EXERCISE OBJECTIVE :: What you write must match, character for character, the lines from the one with "Luncheon Napkin Red" down to the one with "Sanset view to" in the listing below, minus its pictures.
##### GIVEN ENTRIES #####
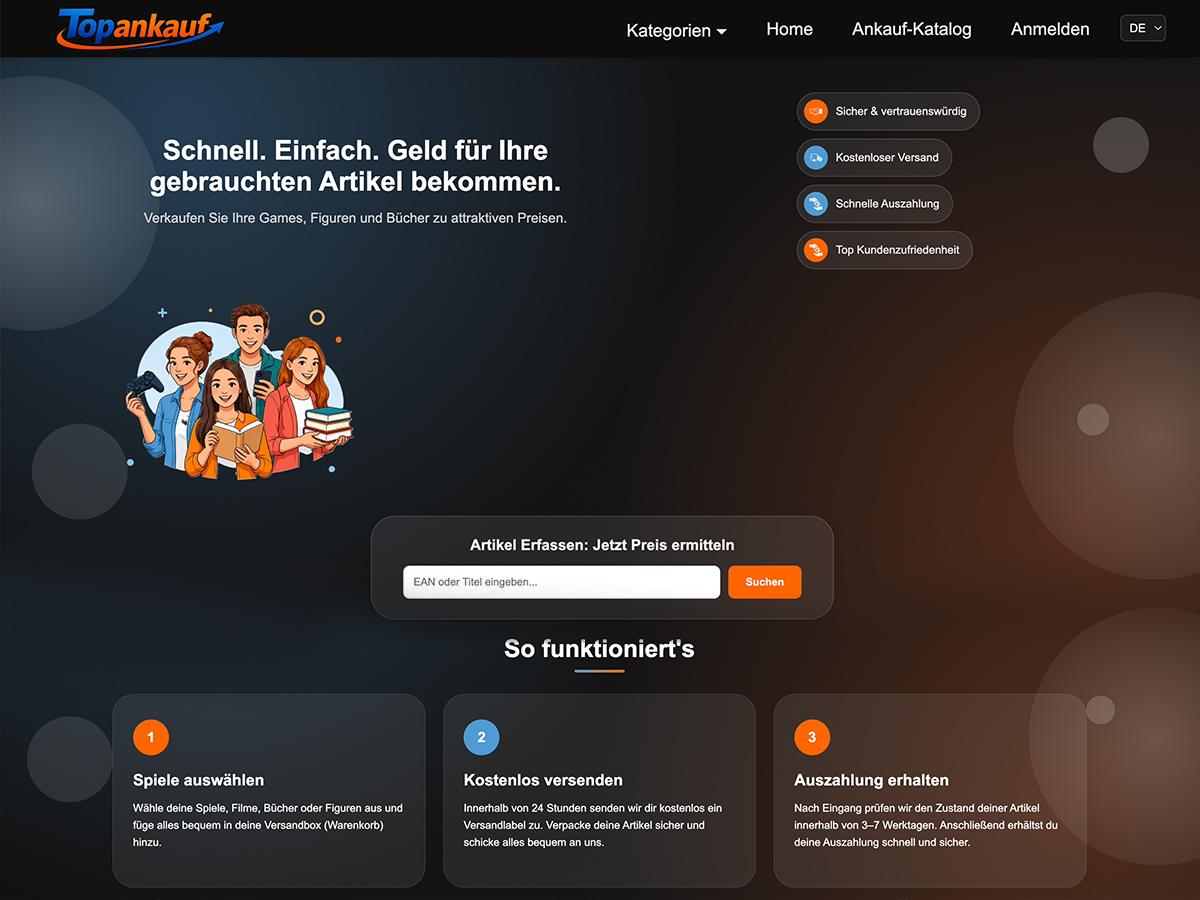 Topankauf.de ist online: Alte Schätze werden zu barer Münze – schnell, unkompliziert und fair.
#####
##### GIVEN ENTRIES #####
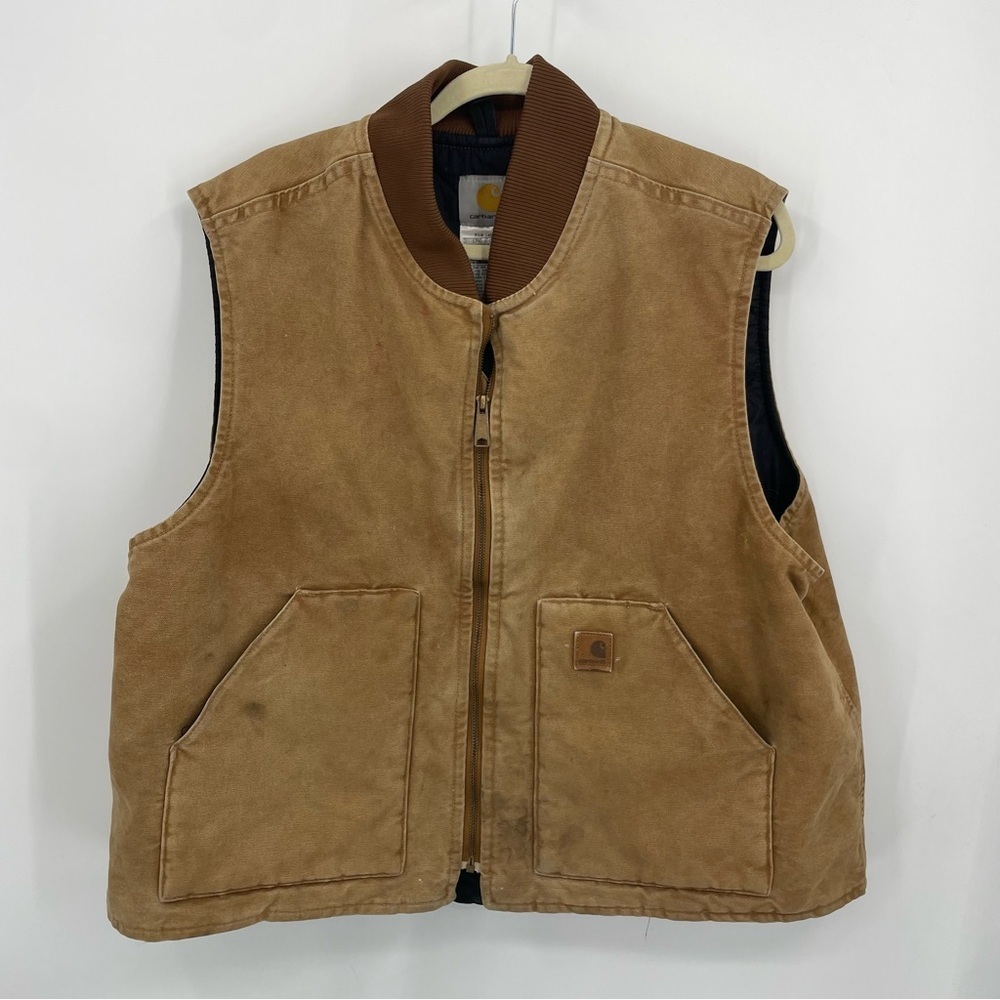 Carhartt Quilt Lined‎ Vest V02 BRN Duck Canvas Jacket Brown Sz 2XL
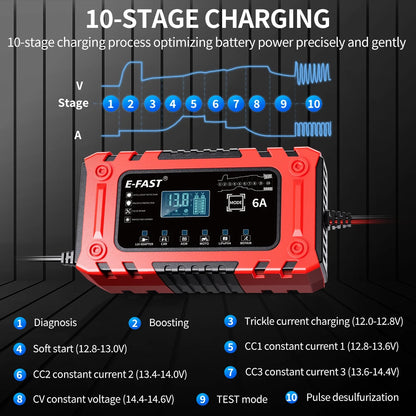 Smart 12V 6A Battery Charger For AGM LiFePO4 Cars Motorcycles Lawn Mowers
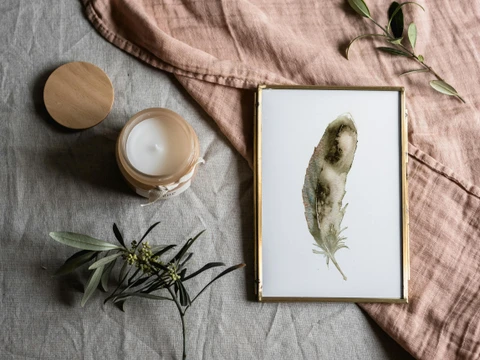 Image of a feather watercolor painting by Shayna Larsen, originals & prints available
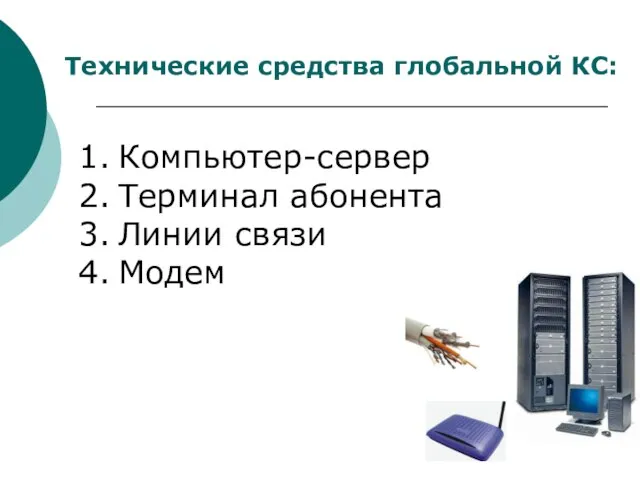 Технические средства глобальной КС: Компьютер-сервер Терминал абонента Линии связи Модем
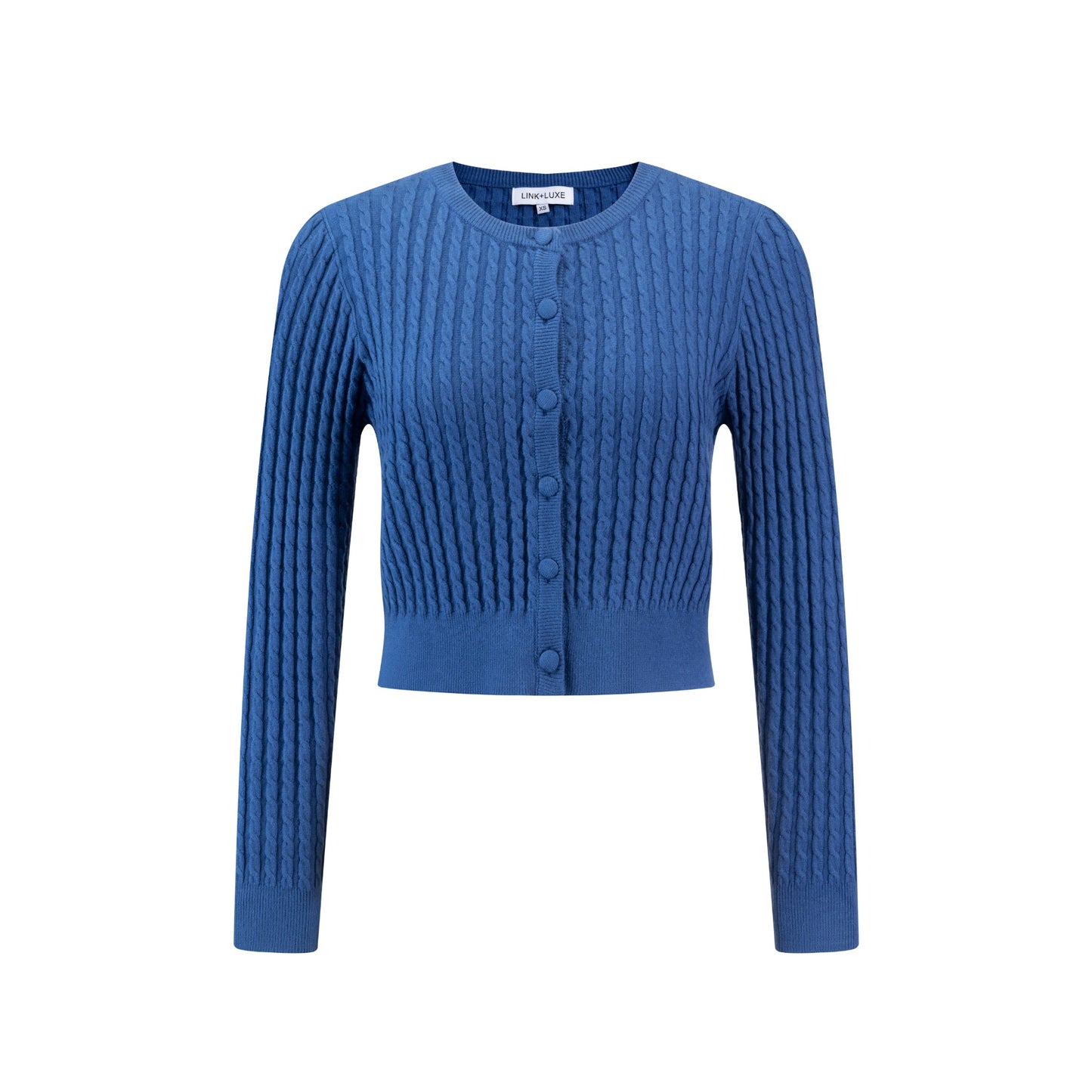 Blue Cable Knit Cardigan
#####
##### GIVEN ENTRIES #####
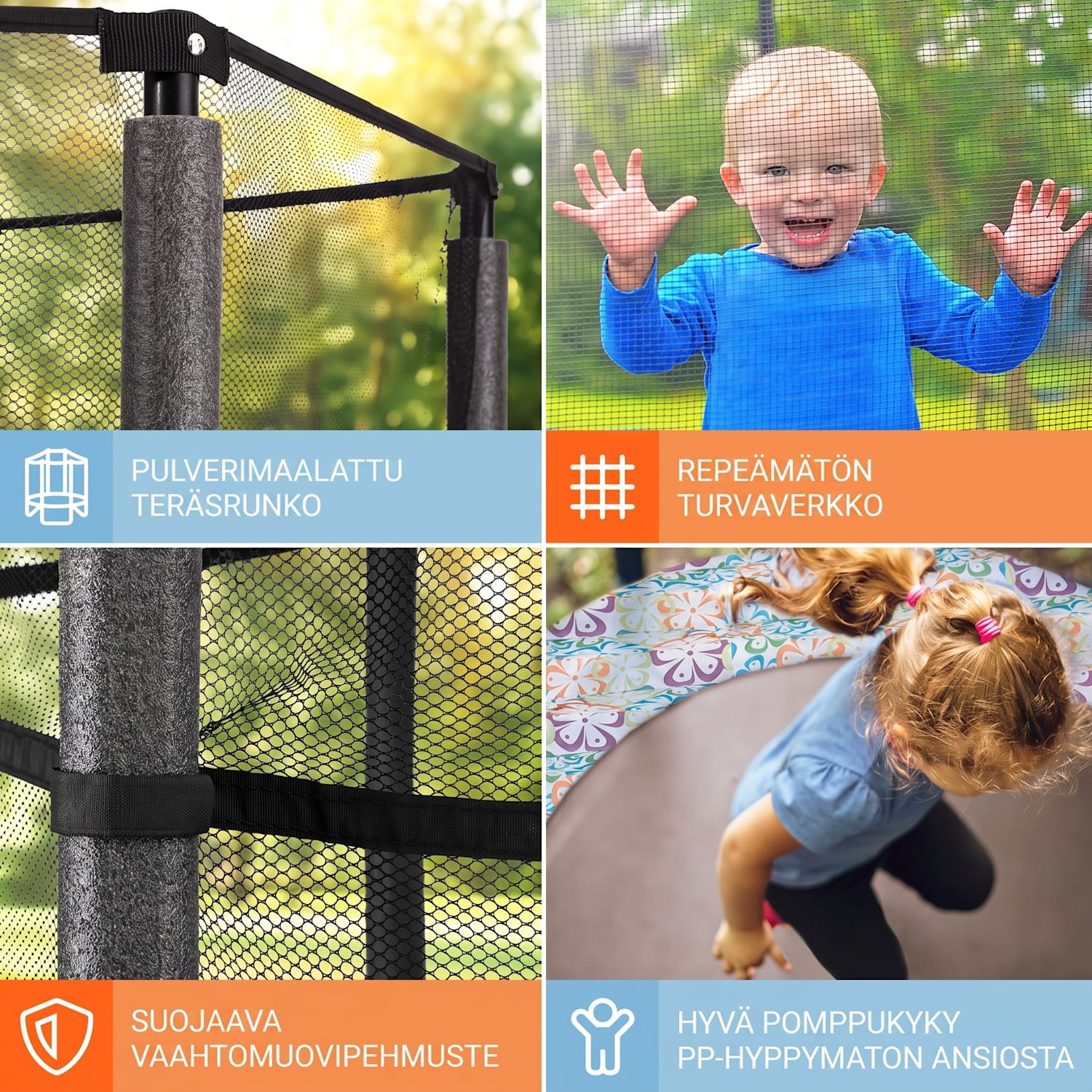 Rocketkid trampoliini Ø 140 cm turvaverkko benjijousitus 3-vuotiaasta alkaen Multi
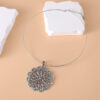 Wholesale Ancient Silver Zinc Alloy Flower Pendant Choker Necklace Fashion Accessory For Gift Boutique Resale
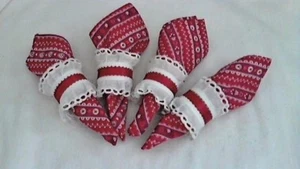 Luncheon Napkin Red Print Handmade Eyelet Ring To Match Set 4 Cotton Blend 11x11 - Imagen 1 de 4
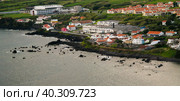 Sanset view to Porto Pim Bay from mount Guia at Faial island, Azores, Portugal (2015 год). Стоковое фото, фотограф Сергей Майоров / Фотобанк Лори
#####
TASK RESULT ::
 Luncheon Napkin Red Print Handmade Eyelet Ring To Match Set 4 Cotton Blend 11x11 - Imagen 1 de 4
 Sanset view to Porto Pim Bay from mount Guia at Faial island, Azores, Portugal (2015 год). Стоковое фото, фотограф Сергей Майоров / Фотобанк Лори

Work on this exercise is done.